Tuesday, April 10, 2012

Python csv reader and namedtuple: together at last

Here is a really tasty code snippet that is a good example of the power of combining named tuples with the python csv reader.
with open(myfilename, 'rb') as f:
  LogLine = namedtuple('LogLine','fqdn,ip,user')
  for line in map(LogLine._make, csv.reader(f)):
    print 'user %s visited %s from %s' % (line.user,
                                          line.fqdn,
                                          line.ip)
What's going on here?
  1. csv.reader(f) reads from the file descriptor f line-by-line and returns an array like ['user','blah.com','192.168.1.1']
  2. We use map to call LogLine._make on each member of the csv iterator (i.e. each line), which creates a LogLine tuple from the array.
The advantages are:
  • No need to split() and strip(), the csv reader figures it out for you.
  • No referring to line[0], line[1] etc. forgetting which one is which, and having to change a bunch of code if you add a field or the order changes.

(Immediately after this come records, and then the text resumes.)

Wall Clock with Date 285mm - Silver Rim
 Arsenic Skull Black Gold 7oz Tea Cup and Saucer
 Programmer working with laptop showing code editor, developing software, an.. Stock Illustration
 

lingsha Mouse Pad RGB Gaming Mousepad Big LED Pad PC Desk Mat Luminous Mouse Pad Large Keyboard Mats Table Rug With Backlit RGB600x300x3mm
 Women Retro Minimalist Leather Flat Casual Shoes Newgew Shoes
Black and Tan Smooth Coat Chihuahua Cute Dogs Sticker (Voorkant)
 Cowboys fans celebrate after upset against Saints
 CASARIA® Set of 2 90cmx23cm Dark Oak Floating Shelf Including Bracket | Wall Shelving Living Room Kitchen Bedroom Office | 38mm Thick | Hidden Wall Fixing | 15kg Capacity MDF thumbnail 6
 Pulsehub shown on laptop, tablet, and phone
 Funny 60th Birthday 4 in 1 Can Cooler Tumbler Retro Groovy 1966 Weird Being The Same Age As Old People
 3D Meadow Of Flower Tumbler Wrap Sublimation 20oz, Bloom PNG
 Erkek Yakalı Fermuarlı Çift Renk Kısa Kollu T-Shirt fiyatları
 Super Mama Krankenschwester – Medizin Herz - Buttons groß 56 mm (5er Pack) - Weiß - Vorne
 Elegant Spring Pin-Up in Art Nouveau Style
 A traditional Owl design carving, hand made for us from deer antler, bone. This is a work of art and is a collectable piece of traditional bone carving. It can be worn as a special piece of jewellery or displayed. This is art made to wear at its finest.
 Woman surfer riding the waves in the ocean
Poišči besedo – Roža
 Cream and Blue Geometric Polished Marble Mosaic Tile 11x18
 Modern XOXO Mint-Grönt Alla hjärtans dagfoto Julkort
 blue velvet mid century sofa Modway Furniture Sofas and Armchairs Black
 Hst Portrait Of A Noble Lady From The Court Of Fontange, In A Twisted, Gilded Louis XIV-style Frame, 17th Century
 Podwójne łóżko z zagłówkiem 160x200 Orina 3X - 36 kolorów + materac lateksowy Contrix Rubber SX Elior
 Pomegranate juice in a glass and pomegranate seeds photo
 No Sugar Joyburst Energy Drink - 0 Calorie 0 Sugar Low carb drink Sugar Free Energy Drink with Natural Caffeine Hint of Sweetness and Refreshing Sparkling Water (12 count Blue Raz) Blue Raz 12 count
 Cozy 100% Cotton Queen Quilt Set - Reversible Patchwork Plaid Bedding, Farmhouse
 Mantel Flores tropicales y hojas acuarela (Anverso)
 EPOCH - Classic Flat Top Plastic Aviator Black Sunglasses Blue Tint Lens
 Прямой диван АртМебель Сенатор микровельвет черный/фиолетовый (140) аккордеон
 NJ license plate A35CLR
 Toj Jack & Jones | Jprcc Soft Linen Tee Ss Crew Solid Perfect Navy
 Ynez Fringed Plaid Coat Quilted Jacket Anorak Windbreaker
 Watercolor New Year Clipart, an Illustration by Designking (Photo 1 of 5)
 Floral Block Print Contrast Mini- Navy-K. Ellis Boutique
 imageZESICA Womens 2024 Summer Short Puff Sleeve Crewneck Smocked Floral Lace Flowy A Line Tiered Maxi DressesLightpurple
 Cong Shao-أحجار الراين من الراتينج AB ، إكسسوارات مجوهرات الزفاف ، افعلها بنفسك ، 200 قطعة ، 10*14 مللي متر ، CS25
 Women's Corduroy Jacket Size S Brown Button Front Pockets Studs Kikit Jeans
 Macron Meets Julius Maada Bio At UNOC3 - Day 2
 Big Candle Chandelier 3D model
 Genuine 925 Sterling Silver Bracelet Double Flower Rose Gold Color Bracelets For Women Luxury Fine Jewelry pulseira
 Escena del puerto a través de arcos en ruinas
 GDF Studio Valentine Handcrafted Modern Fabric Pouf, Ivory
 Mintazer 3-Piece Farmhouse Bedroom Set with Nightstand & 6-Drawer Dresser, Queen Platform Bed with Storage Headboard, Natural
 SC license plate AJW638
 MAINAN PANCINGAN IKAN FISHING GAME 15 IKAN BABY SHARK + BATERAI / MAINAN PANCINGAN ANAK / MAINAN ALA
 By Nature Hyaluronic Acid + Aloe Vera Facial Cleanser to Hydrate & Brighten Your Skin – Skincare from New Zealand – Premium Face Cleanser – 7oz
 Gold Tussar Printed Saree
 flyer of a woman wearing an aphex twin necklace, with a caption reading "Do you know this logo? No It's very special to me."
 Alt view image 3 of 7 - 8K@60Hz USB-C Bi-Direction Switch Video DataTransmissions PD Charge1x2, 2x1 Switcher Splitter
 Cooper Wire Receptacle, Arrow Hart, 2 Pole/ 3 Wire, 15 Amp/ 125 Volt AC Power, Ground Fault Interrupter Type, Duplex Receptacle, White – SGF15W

The tuple gives you names that are human readable and the file structure is contained in one place, the tuple constructor, so changes to fields are simple.
  • Also, if you aren't familiar with the 'with' statement, it is very nice for working with files since it replaces the 'try: read, finally: close' boilerplate code.

1 comment:

Anonymous said...

I often create the namedtuple from the header:

header = reader.next()
DataRowTuple = namedtuple('DataRowTuple',header)